> DIRECTIONS
For each entry, return the text exactly and omit any image.

> EXCERPTED RECORDS

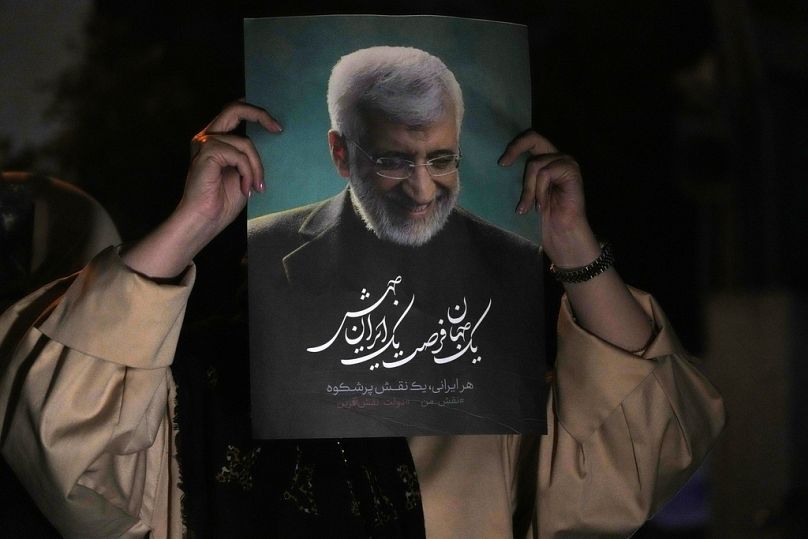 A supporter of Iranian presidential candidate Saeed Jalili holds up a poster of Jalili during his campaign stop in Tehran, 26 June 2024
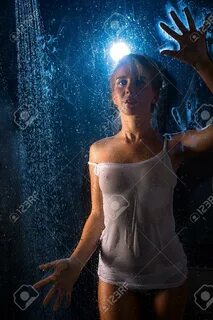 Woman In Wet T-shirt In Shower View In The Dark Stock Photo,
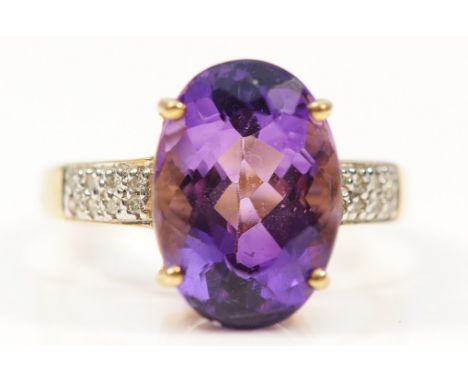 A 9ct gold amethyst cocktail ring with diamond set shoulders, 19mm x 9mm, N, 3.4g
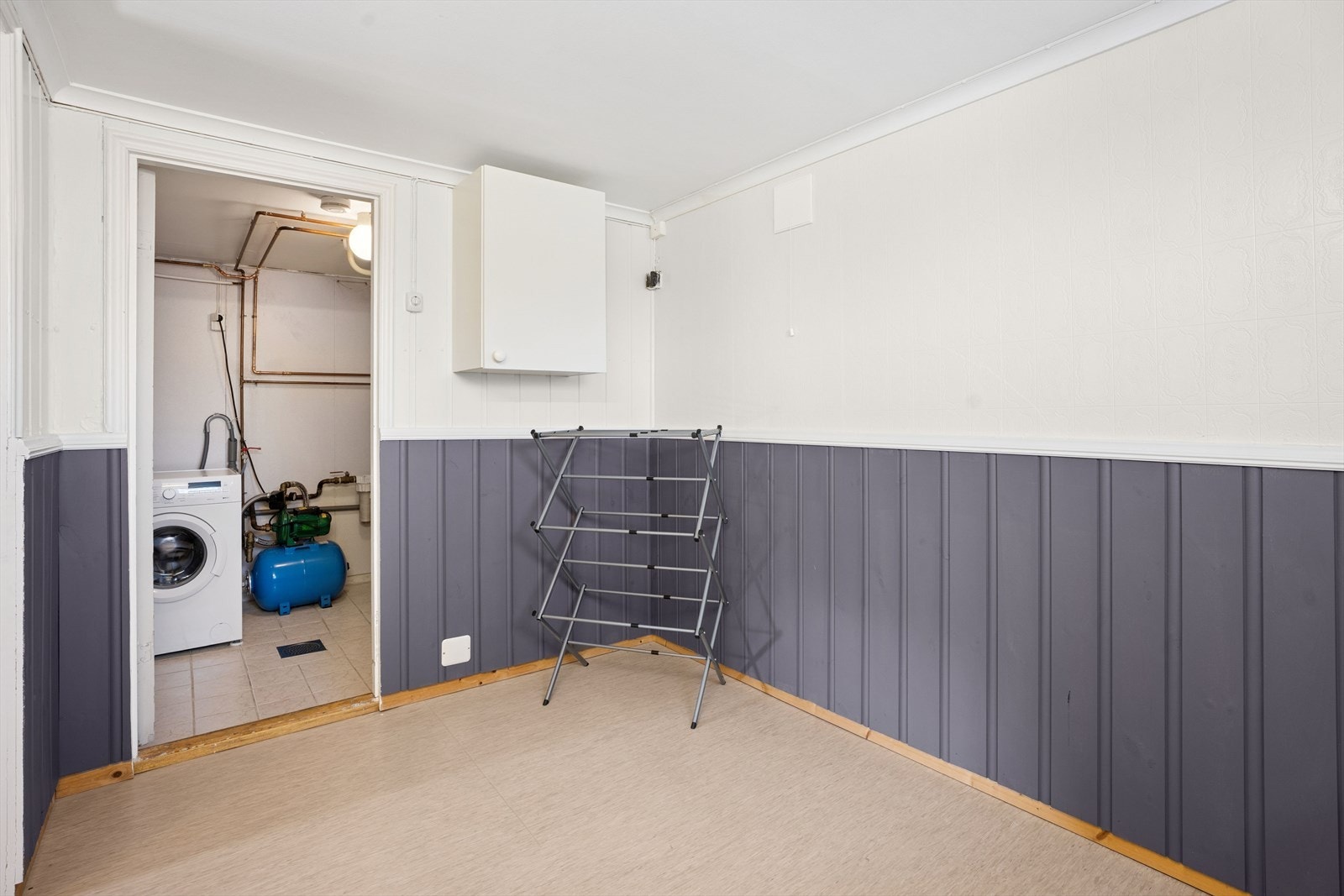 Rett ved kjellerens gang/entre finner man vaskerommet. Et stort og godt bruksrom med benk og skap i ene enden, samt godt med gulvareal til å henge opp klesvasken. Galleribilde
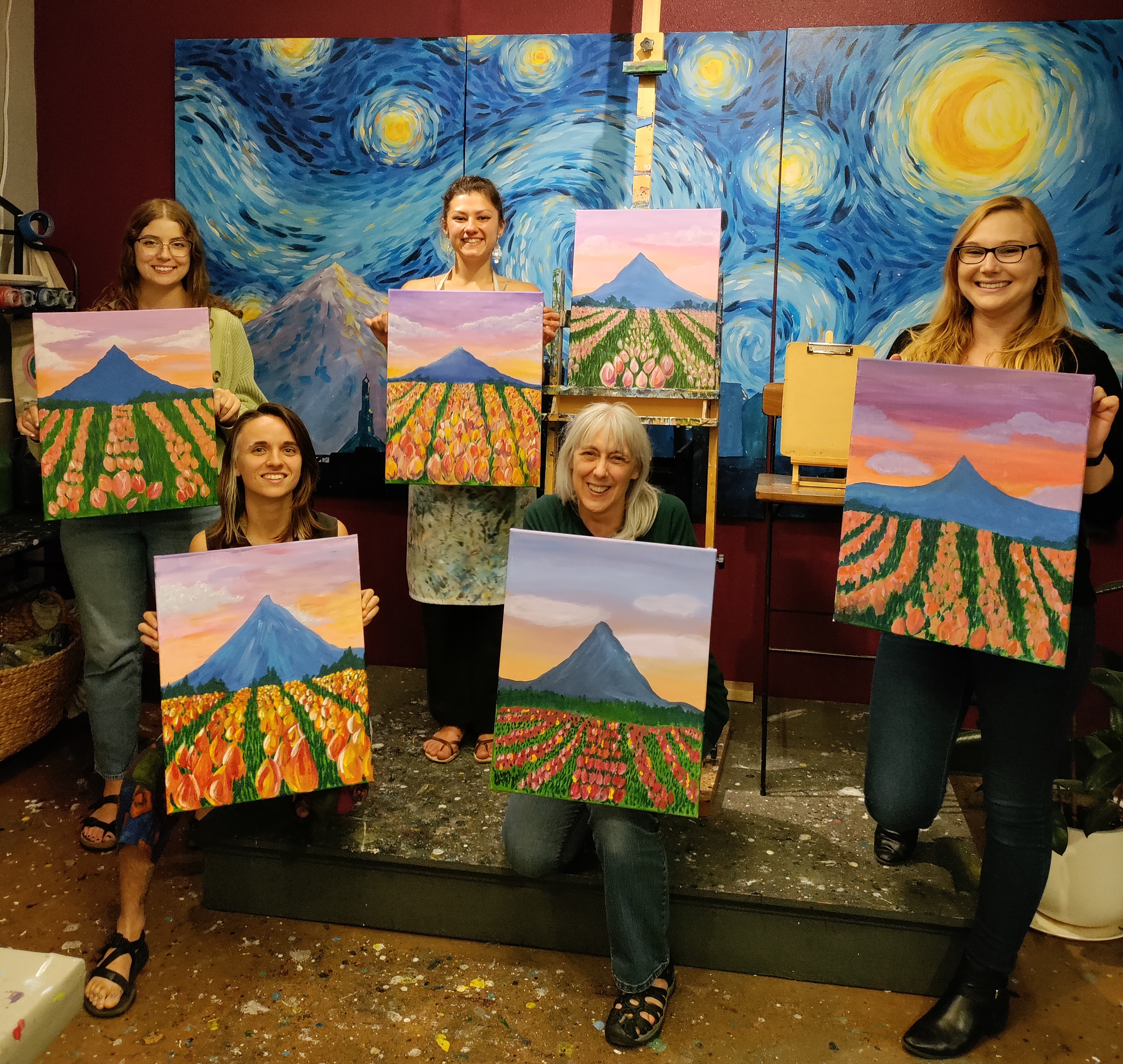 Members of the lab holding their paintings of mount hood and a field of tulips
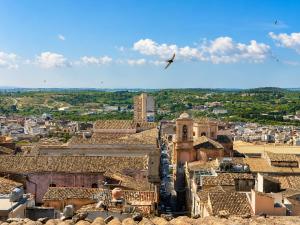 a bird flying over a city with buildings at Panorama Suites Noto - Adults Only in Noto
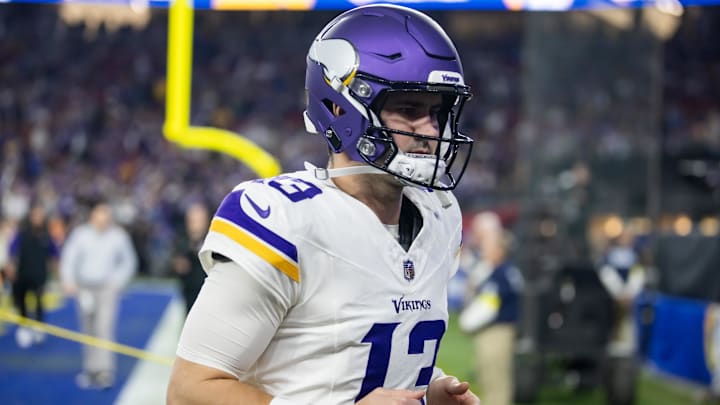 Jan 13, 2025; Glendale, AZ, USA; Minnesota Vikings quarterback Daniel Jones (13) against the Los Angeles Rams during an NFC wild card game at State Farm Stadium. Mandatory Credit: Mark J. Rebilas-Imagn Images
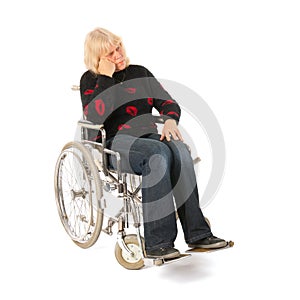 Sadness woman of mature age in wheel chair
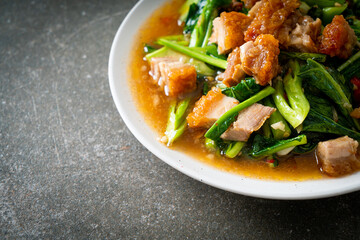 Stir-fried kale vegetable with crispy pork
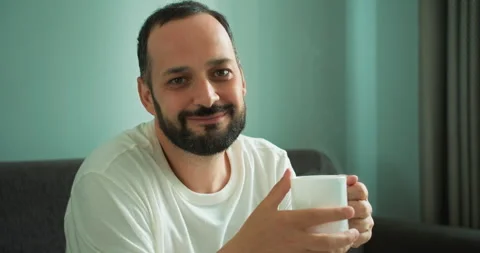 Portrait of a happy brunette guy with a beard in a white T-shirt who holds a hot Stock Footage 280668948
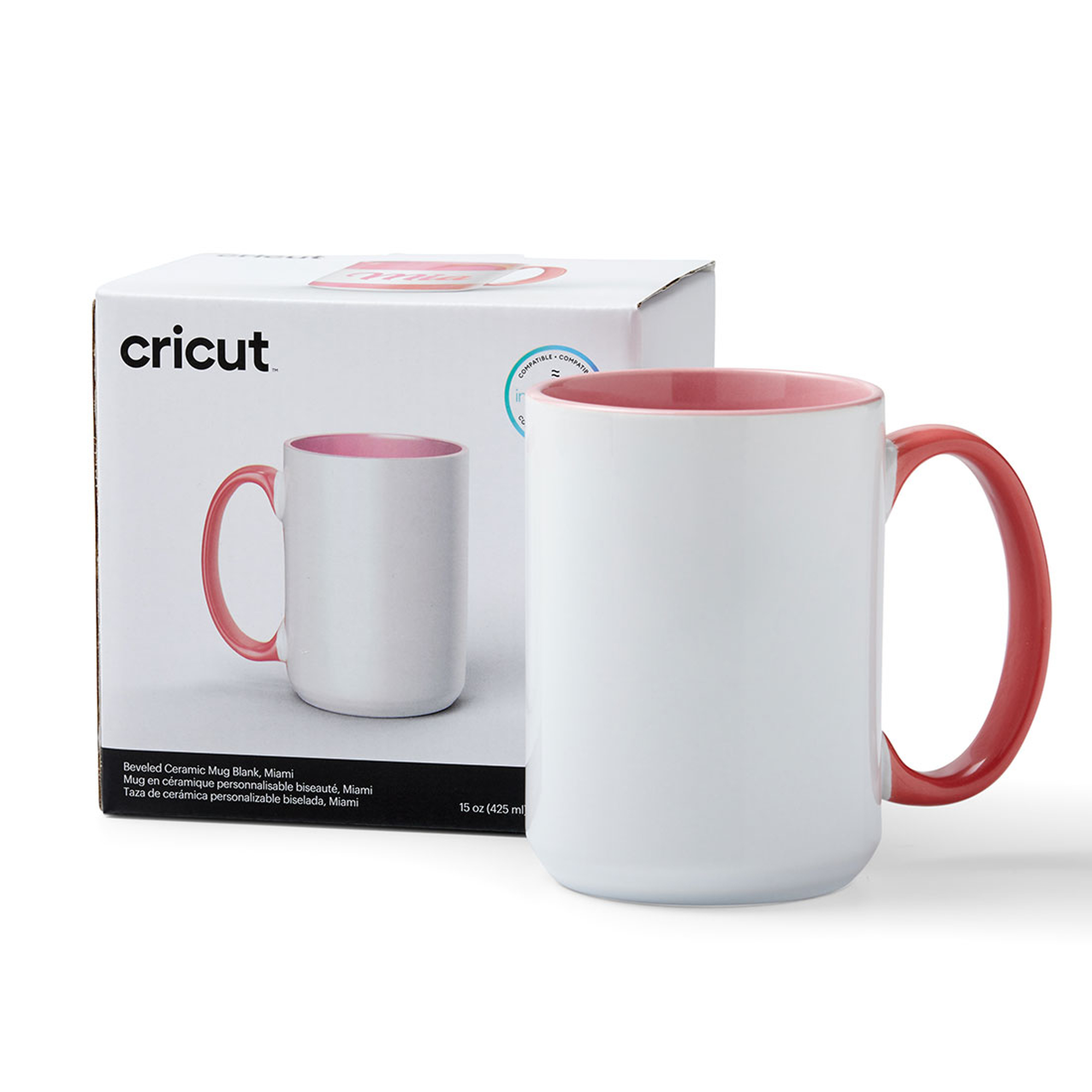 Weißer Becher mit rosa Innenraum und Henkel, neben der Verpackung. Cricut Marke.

> ANSWER BOX
 A supporter of Iranian presidential candidate Saeed Jalili holds up a poster of Jalili during his campaign stop in Tehran, 26 June 2024
 Woman In Wet T-shirt In Shower View In The Dark Stock Photo,
 A 9ct gold amethyst cocktail ring with diamond set shoulders, 19mm x 9mm, N, 3.4g
 Rett ved kjellerens gang/entre finner man vaskerommet. Et stort og godt bruksrom med benk og skap i ene enden, samt godt med gulvareal til å henge opp klesvasken. Galleribilde
 Members of the lab holding their paintings of mount hood and a field of tulips
 a bird flying over a city with buildings at Panorama Suites Noto - Adults Only in Noto
 Jan 13, 2025; Glendale, AZ, USA; Minnesota Vikings quarterback Daniel Jones (13) against the Los Angeles Rams during an NFC wild card game at State Farm Stadium. Mandatory Credit: Mark J. Rebilas-Imagn Images
 Sadness woman of mature age in wheel chair
 Stir-fried kale vegetable with crispy pork
 Portrait of a happy brunette guy with a beard in a white T-shirt who holds a hot Stock Footage 280668948
 Weißer Becher mit rosa Innenraum und Henkel, neben der Verpackung. Cricut Marke.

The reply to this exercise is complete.